== TASK INPUT ==
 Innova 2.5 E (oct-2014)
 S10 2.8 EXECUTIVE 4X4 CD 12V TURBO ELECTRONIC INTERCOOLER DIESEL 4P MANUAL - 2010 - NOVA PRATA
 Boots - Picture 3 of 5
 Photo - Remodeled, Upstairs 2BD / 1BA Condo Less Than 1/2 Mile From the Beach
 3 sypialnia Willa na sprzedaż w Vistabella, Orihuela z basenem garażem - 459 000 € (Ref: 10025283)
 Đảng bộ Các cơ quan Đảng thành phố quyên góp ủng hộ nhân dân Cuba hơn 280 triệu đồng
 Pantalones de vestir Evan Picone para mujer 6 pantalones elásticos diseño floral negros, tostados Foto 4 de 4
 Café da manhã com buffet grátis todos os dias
===
== TASK INPUT ==
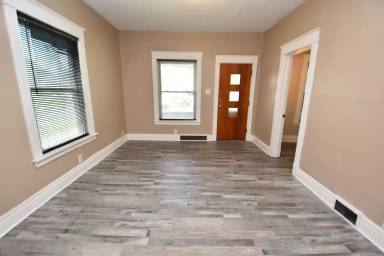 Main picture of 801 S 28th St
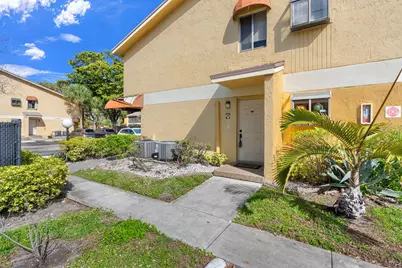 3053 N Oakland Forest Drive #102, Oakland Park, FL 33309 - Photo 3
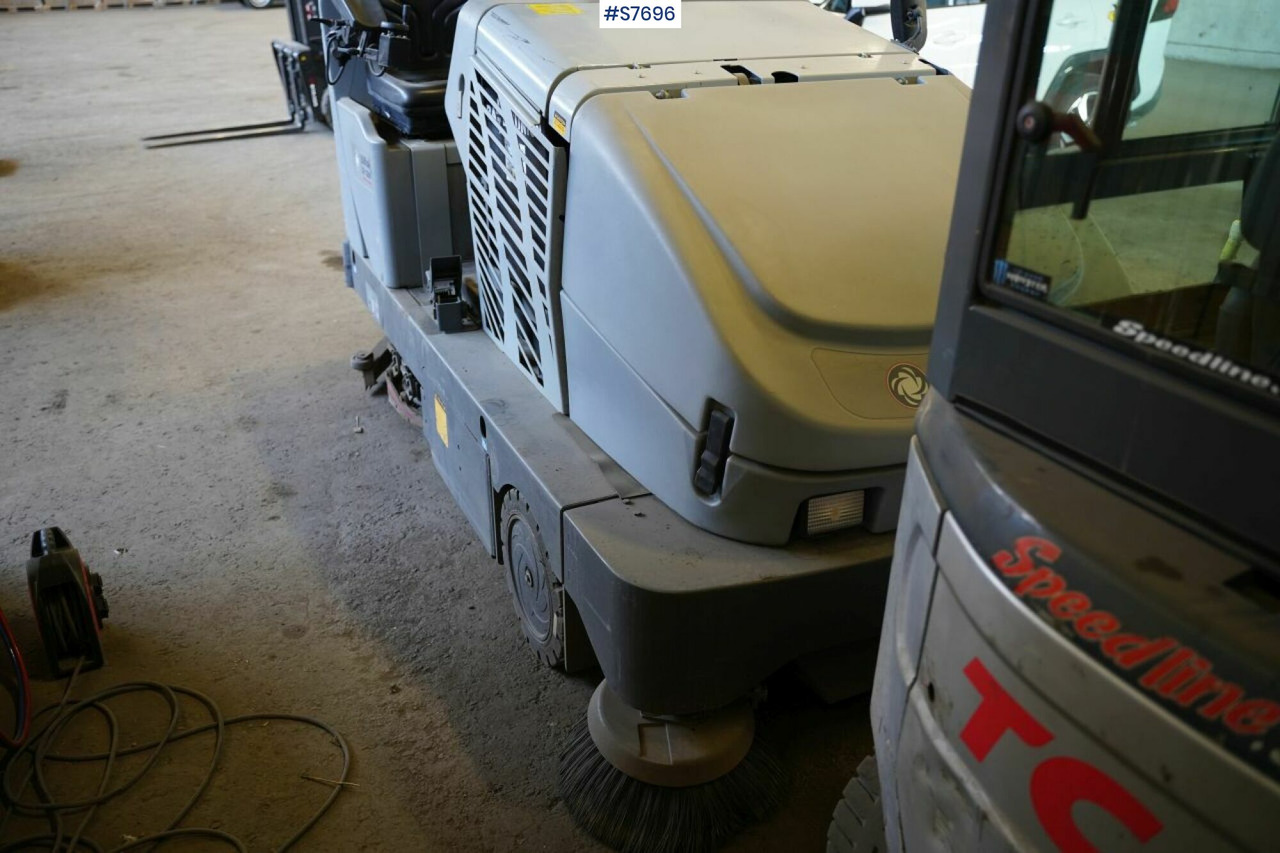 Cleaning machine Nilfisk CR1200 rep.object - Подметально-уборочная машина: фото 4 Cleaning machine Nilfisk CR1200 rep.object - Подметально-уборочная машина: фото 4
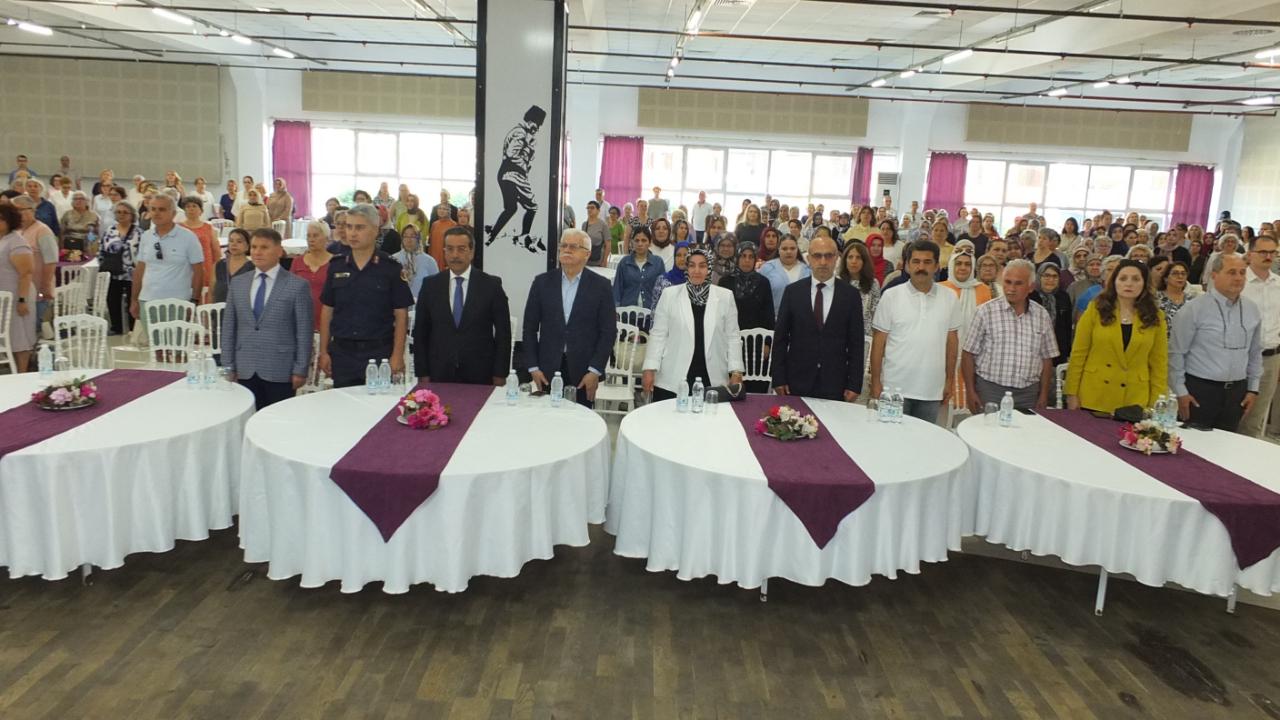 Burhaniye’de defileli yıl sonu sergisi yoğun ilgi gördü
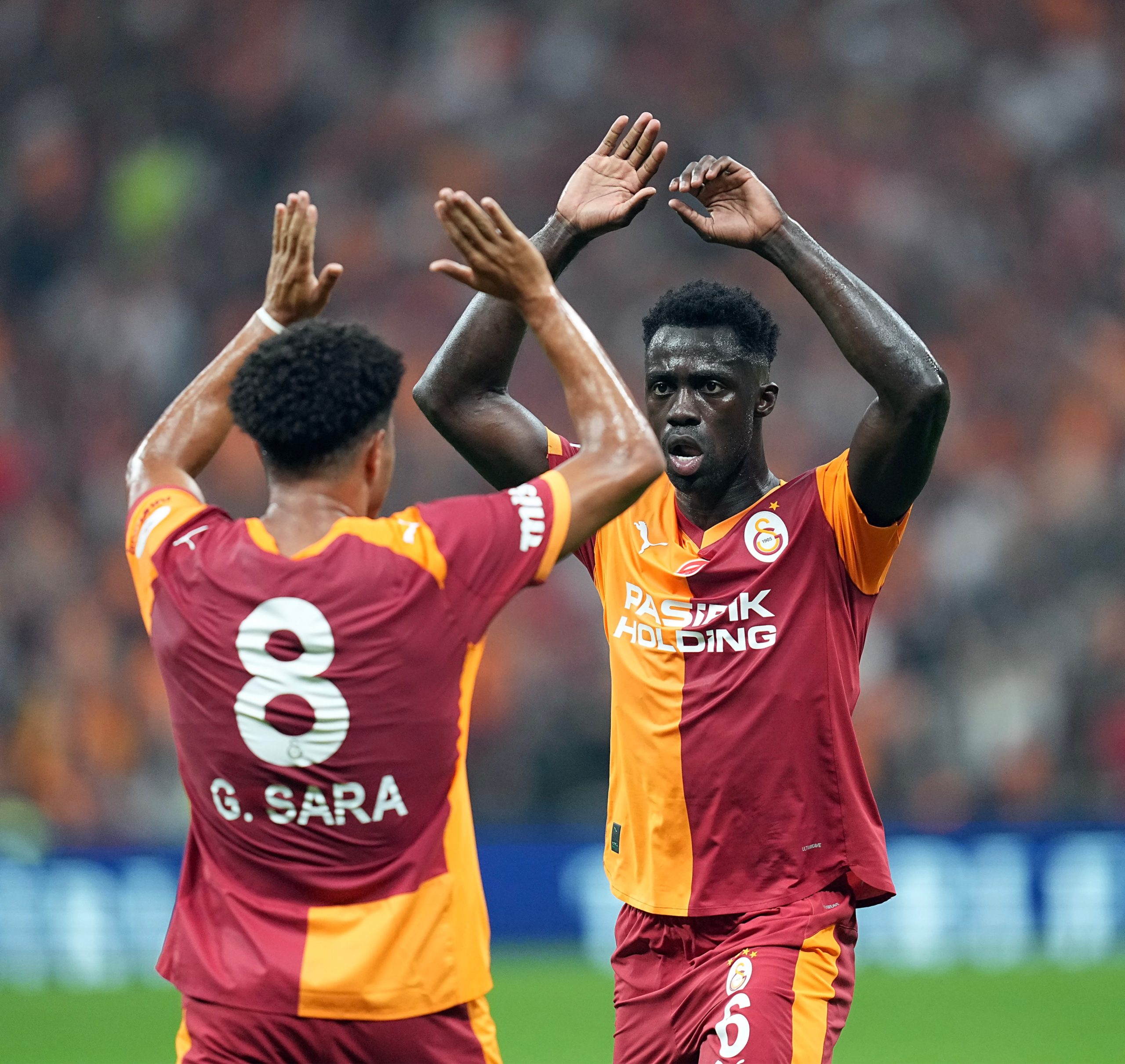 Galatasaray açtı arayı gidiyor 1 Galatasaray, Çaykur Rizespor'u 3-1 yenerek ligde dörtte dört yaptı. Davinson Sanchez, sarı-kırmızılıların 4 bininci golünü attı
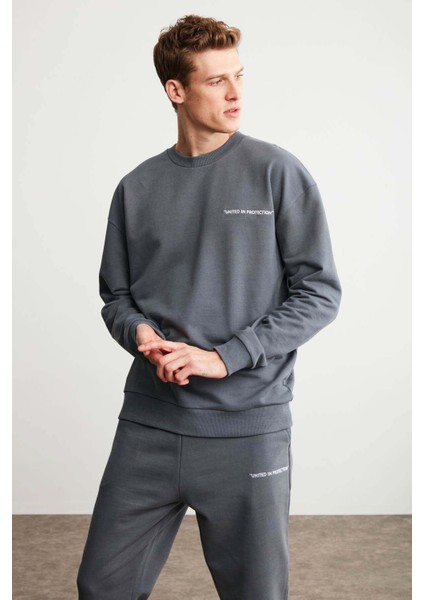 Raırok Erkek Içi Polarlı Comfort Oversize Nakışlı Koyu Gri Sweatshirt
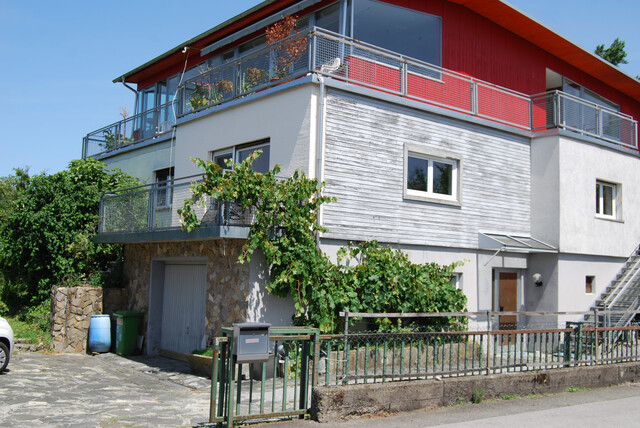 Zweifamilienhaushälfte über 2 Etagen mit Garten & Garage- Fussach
===
• **PROBLEM**: Output the material above exactly, but only from the line that carries "Đảng bộ Các" through the line that carries "Café da manhã".

• **RESULT OF THE EXERCISE**:
 Đảng bộ Các cơ quan Đảng thành phố quyên góp ủng hộ nhân dân Cuba hơn 280 triệu đồng
 Pantalones de vestir Evan Picone para mujer 6 pantalones elásticos diseño floral negros, tostados Foto 4 de 4
 Café da manhã com buffet grátis todos os dias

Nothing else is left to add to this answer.